In September of 2001 our life changed forever. It was my junior year of high school. My sister, Alana was in middle school while my older brother was in college. On September morning, my mom woke up bright and early to make her Bustelo coffee. As she brewed her coffee the aroma happened to wake me up in the process. As I’m entering the Kitchen I ask my mom for my blessing and she responds, “Dios te bendiga hijo”. She follows with statement, “I’ve noticed your father has been acting and doing weird things lately. She apparently knew something was wrong but could not pin point it. Several months passed by and my mom received a phone call from my dad’s supervisor Mr. Frank. He starts explaining to my mom strange things he has noticed my father doing. He was arriving to work at 4am and then falling asleep in the parking lot until 6am. Mr. Frank found that very weird and so did my mom. Following that talk, my mom tried to take my dad to see the doctor for a checkup. My dad was a strong Dominican man, who believed that going to a doctor was a sign of weakness. I knew at that point my mom was going to have a difficult time convincing him to go see the doctor. After trying to persuade him for a couple of weeks, he gave in to my mother and went to his first doctor’s visit in years. After several test, analysis, my dad was diagnosed with Alzheimer’s at the age 56. At this point, he was forced to retire from his position at Pepsi Cola, he worked for over 30 years.

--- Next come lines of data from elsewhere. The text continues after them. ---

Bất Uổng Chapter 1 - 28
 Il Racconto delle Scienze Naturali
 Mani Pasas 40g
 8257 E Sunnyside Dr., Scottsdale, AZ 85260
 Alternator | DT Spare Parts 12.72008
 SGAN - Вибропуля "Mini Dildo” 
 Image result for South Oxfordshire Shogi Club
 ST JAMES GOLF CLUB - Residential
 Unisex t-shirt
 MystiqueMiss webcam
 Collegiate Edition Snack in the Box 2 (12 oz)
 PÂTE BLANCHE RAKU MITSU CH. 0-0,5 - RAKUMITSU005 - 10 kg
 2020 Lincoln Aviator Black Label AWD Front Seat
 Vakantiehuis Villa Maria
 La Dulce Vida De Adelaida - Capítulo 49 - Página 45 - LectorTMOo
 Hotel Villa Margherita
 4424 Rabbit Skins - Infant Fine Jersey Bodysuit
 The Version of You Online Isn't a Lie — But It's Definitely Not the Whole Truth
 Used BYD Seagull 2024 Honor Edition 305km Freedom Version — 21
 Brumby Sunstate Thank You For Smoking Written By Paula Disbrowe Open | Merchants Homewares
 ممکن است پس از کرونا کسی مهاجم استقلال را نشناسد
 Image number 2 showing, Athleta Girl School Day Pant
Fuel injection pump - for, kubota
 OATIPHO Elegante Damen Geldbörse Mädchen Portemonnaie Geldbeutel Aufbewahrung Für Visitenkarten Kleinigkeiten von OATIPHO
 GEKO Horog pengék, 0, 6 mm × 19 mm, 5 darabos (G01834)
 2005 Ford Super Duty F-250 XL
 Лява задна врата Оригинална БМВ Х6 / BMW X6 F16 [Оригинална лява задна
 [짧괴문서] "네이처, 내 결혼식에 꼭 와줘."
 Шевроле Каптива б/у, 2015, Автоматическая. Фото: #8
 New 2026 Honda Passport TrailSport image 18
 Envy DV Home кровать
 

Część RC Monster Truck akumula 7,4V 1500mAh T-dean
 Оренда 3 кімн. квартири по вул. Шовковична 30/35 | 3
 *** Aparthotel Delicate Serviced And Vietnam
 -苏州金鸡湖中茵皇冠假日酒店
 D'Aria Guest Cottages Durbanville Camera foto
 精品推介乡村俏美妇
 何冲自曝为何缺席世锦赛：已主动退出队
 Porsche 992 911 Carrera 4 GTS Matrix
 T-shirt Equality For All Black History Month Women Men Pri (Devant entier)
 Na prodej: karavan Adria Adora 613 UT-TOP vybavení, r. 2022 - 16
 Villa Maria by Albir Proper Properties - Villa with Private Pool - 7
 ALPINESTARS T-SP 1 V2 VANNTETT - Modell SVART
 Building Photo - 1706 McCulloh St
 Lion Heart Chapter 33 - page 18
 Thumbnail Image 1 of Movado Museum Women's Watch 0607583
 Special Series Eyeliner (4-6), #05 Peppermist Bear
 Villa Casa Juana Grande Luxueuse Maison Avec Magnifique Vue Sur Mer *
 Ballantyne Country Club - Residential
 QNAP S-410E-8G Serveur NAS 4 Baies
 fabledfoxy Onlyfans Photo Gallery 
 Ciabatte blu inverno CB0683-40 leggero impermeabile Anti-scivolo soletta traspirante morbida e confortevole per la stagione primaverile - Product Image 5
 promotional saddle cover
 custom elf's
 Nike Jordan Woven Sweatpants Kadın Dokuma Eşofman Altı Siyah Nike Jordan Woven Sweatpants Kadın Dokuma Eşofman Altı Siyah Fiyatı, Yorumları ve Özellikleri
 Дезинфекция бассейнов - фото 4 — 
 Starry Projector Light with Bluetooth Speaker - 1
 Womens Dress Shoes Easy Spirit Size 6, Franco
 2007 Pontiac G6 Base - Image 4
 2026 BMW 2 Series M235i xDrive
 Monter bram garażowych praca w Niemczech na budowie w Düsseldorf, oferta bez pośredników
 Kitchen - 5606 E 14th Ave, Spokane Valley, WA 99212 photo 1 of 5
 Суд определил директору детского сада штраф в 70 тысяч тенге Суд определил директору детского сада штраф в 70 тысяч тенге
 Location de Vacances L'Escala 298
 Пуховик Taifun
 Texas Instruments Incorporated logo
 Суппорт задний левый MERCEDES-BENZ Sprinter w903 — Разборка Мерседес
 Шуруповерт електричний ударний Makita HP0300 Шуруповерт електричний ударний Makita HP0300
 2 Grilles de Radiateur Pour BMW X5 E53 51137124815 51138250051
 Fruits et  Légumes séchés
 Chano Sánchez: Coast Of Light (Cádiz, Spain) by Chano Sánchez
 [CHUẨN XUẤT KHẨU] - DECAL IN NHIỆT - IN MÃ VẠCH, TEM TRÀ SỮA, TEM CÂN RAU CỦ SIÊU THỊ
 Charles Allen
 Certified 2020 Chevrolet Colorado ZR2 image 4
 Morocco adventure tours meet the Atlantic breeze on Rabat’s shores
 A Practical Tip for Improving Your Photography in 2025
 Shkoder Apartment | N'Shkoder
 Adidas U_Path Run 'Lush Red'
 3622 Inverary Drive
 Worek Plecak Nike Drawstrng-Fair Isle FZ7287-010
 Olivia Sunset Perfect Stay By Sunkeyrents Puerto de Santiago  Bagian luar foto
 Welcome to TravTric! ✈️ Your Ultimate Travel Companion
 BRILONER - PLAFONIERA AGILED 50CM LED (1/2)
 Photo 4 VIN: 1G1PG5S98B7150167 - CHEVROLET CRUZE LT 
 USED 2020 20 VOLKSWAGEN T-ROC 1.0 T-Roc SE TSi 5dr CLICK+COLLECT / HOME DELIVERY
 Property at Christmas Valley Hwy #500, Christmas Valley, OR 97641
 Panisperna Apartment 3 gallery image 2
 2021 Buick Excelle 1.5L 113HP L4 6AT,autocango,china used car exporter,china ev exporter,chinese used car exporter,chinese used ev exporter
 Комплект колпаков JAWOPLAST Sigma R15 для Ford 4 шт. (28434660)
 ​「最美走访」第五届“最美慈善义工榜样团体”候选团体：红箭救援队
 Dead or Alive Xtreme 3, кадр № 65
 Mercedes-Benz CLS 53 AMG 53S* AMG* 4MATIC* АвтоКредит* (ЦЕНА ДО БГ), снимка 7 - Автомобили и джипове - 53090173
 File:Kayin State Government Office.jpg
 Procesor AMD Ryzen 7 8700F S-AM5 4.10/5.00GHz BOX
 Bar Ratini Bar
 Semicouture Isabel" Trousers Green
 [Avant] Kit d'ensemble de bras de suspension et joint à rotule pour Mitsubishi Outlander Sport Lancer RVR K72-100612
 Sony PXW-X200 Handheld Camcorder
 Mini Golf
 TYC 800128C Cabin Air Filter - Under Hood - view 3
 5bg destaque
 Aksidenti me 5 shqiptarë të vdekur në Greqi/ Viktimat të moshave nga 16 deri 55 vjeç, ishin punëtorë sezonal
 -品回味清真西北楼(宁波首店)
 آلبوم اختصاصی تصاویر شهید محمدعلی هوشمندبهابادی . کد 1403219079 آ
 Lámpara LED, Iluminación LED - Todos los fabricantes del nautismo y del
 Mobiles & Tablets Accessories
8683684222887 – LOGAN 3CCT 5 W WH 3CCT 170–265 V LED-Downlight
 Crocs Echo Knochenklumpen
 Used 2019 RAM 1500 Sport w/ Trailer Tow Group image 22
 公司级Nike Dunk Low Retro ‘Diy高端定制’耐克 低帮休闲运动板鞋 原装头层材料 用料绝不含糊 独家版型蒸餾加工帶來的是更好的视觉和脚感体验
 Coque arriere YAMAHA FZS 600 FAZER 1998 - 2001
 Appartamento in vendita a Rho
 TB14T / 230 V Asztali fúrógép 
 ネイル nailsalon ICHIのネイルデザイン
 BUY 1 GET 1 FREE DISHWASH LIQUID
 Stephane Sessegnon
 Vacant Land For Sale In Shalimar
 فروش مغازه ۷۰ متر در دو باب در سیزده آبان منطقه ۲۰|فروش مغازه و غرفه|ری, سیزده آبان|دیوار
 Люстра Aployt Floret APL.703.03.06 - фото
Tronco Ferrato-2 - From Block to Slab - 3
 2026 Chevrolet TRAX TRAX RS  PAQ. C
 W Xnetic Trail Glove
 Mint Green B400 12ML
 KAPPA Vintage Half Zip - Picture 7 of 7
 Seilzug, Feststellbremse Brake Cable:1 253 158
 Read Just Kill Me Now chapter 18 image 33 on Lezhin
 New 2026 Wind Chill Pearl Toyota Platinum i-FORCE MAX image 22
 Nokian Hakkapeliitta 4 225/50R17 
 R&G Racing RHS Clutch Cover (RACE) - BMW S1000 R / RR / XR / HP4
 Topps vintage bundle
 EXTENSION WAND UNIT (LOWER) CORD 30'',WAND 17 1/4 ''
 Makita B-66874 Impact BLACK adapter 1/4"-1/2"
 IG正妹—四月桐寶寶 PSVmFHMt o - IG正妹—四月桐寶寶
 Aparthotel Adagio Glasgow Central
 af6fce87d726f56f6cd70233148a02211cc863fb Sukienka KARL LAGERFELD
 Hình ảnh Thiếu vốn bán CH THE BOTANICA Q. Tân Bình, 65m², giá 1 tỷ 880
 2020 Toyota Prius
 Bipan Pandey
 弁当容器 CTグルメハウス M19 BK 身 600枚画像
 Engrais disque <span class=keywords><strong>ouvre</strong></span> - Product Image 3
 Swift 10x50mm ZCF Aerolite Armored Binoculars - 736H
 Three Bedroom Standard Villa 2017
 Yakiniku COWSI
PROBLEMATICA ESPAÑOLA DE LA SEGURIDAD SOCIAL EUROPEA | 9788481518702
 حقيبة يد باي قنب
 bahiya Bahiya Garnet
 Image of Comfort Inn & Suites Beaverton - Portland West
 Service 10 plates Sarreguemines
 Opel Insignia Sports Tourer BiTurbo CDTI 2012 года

Alzheimer’s???  I ask myself what the heck is that?!  I clearly had no Idea  what the disease was until I did a little research for myself.  While I read countless articles, documents and books on this disease, I could not understand how a strong man like my dad could come down with this disease. As the diseased progressed, my mother refused to “throw” him in a nursing home. It was against her cultural believes and her wedding vows. We had no idea what we were getting into as a family nor all the obstacles and challenges we were going to face. 
            My dad’s condition progressed at a rapid pace. The last 4 years of my dad’s life, were the worst of mine.  I slowly came to realize I had lost what was left of my father. I no longer had that male figure to look up to or the father to discuss the Yankee game anymore. The loss of my dad came prior to his death- it hit me, and HIT ME HARD. Although my siblings and I shared our own unique bond with my father, I was extremely close to him. I was also the one who struggled with expressing my feelings the most. On March 17th, 2012 my dad, my family and I lost the battle with Alzheimer’s.  He was only 70 years old.
            While dealing with the loss on my own, my younger sister signed up to train & run the 2013 NYC Marathon. The idea of running a marathon seemed insane, but coming from my sister, I would expect anything and everything. At first, I was a little doubtful of her commitment until I joined her on a group run. Running has never been my forte but seeing how hard my sister trained and meeting the group completely changed my feelings towards running.  Running became necessary in order to heal. Unfortunately, the team last year was not able to run the NYC Marathon. My sister, Alana, went on with a couple of teammates to run the Miami Marathon on January 27th, which was on my dad’s birthday. Unfortunately, I couldn’t fly down to see her cross the finish line due to an ankle ligament surgery. I am sure my dad was extremely proud and guided her the whole 26.2 miles.
            Now, this year is my turn to RUN for my father, for my mother who cared for him until the end, for my sister who took the season off to bless the family with the first baby, and for ME. This is run is for all the times I couldn’t tell anyone how I felt, for the baseball games we missed. This is me telling you dad that I love you and miss you dearly.